BBC remakes Brontë classic with added swearing

Emily Brontë’s much-loved novel Wuthering Heights has been adapted by BBC Radio 3 to include foul language.

The station’s new adaptation will feature Heathcliff and Cathy, two of the book’s central characters, swearing as they argue.

While radio broadcasts are not bound by a 9pm watershed, stations are not supposed to air unsuitable material when youngsters are likely to be listening.


There are concerns that school pupils who are studying the book could listen to the adaptation unaware of the BBC’s addition of adult content.

Playwright and theatre director Jonathan Holloway has defended his adaptation of the 1847 classic.

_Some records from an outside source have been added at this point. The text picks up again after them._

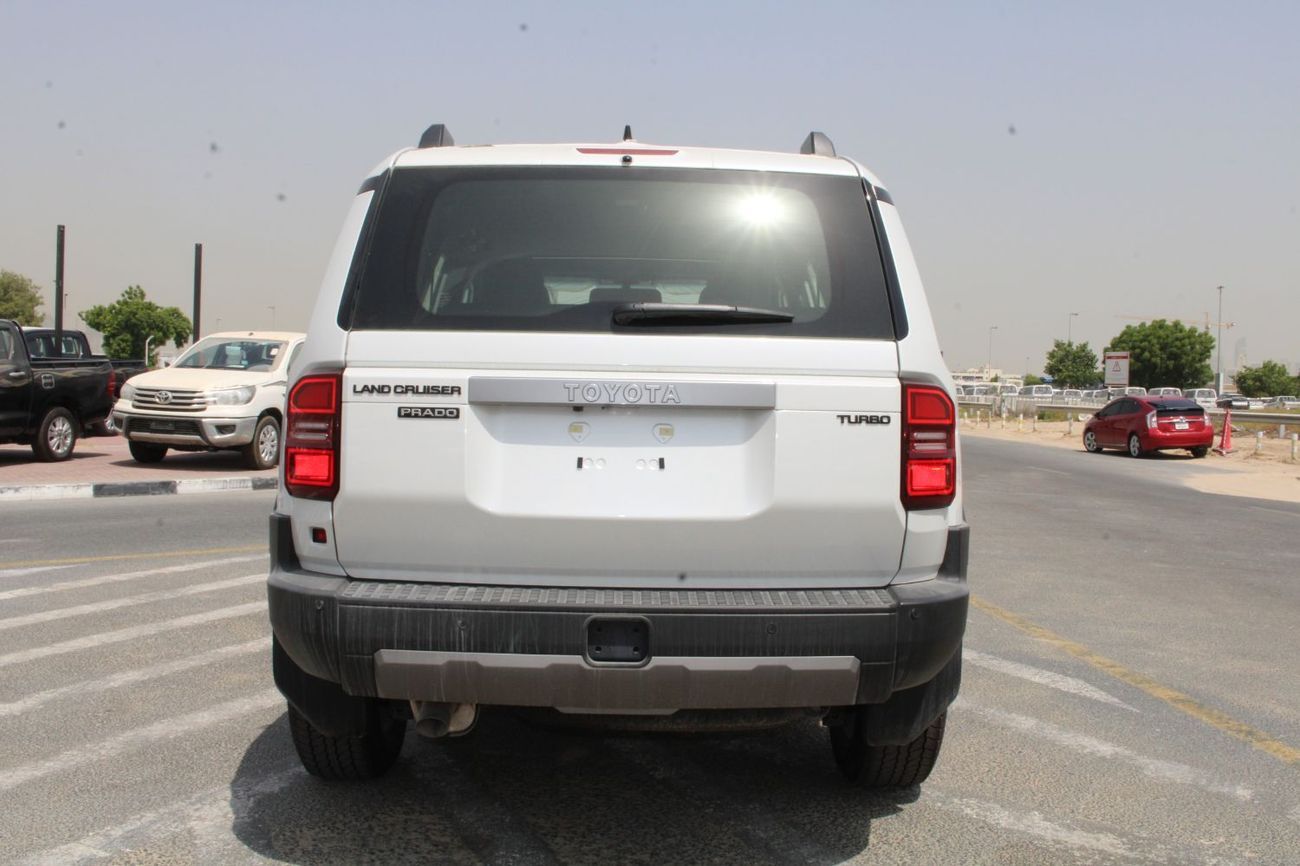 تويوتا برادو ALL ROUNDER TOYOTA PRADO 250 2.4L TURBO PETROL 4WD ALL ROUNDER G AUTO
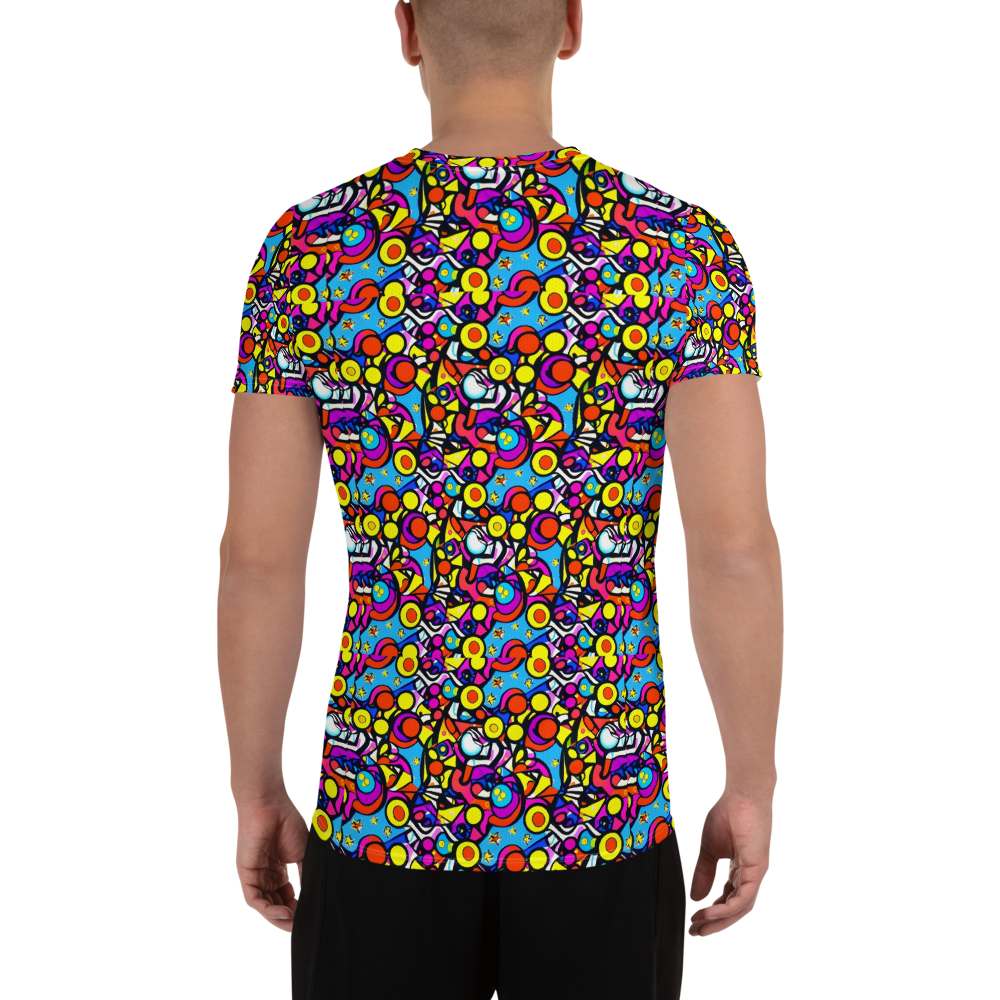 Men's Athletic T-Shirt - Stellar Circus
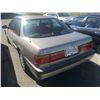 Image 2 : 1991 HONDA ACCORD LX, 2 DOOR COUPE, BROWN, VIN # 1HGCB7257M4070945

He said: “For me Wuthering Heights is a story of violent obsession, and a tortuous unfulfilled relationship. This is not a Vaseline-lensed experience.


“That’s what I wanted to elbow out, this idea that it’s the cosy greatest love story ever told. It’s not.

“The f-words are part of my attempt to shift the production to left of field, and to help capture the shock that was associated with the original book when it was published.”

A spokesman for Radio 3 said: “The use of strong language by some characters in this production was not undertaken lightly. Language warnings will be broadcast at the beginning of the drama.”

The programme is set to air at 8pm on Sunday.


Last May it was revealed that record numbers of people were complaining about the use of foul language on TV and radio programmes.

Ofcom, the communications regulator, received 500 complaints in the first three months of 2010, and it was asked to rule on a further 1,159 complaints from 2009. These figures represented a significant increase since 2006 when there were 841 complaints.

In 2009 the BBC said it was considering plans to clamp down on swearing even after the 9pm watershed.